This bill would change the process federal courts use to determine whether a case should be removed from a state court to a federal court because the parties to the suit are citizens of different states. It aims to make it easier for federal judges to release local defendants from a lawsuit that they’ve been added to through “fraudulent joinder” if it’s not plausible to conclude that state law would’ve held them liable or if the plaintiff doesn’t have a good-faith intention to seek a judgement against the defendant. Fraudulent joinder refers to the improper addition of defendants to a lawsuit in order to keep the case in state courts that may be more friendly to the plaintiffs claims.
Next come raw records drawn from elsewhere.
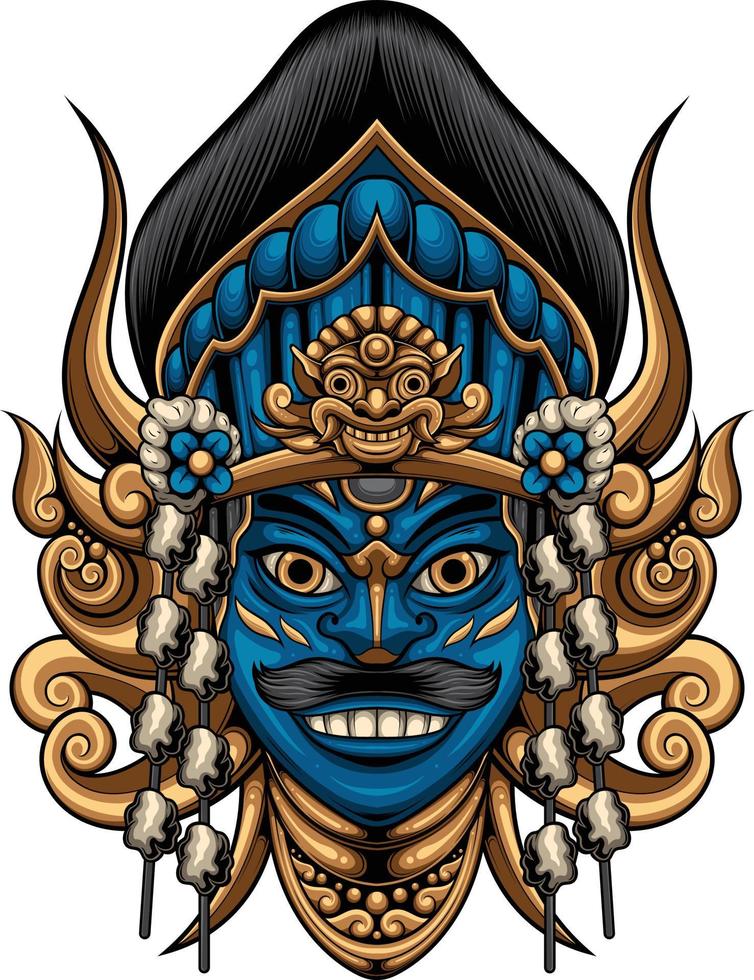 Indonesisch masker 1.1 vector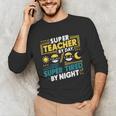 Super Teacher By Day Super Tired By Night Superheroes School Unisex Long Sleeve T-Shirt, funny gift Super Teacher By Day Super Tired By Night Superheroes School Unisex Long Sleeve T-Shirt, funny gift
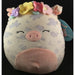 Kellytoy Squishmallow - Rosie the Pig - Flower Headband Crown - 8" - NWT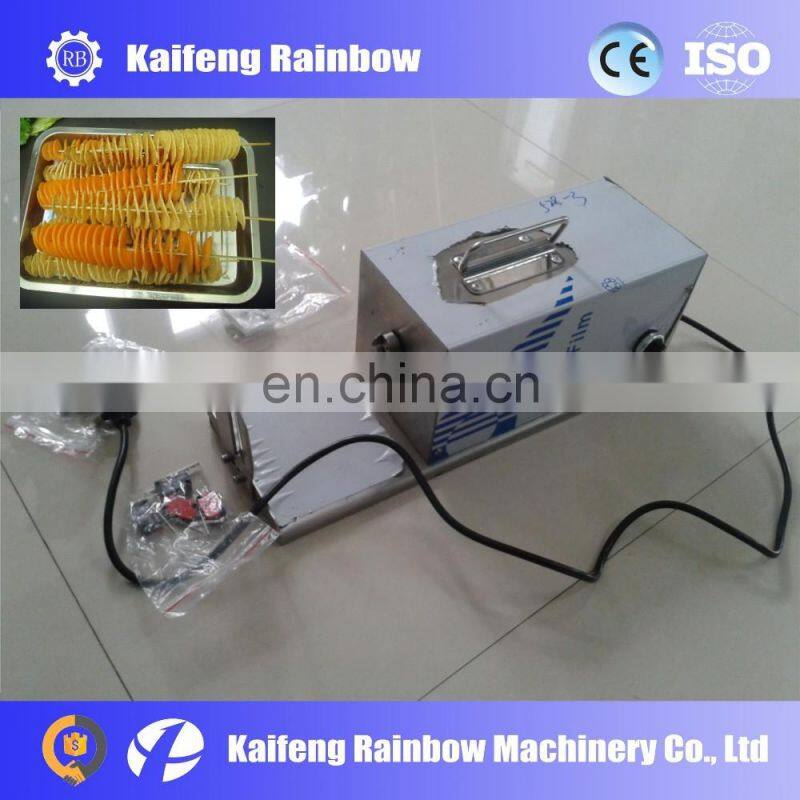 High Quality Best Price twisted potato chips cutting machine price/commercial potato chips spiral cutter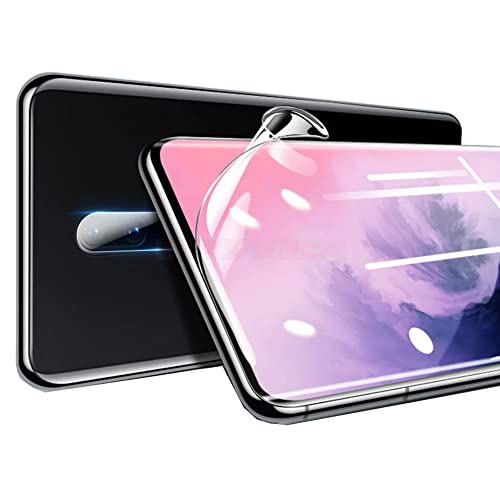2pcs flexibler vorderer Bildschirmschutz für OnePlus 6 6.28" 2018 3D Hydrogel Folie transparentes TPU film Fingerabdruck entsperrt nicht gehärtetes Glas von CUFEREDU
The addition of a defendant would be classified as fraudulent joinder if the court finds that:
Actual fraud in the pleading of jurisdictional facts with respect to the defendant;
State law wouldn’t plausibly hold the defendant liable;
State or federal law bars all claims in the complaint against that defendant;
No good faith intention to prosecute the action against that defendant or to seek a joint judgment which includes that defendant.
In determining whether to grant or deny the motion to remand the case back to state court, the federal court may allow pleadings to be amended and must consider the pleadings, affidavits, and other evidence submitted by the parties to the case. A federal court finding that defendants have been fraudulently joined to the case must dismiss without prejudice claims against those defendants and deny the motion to remand.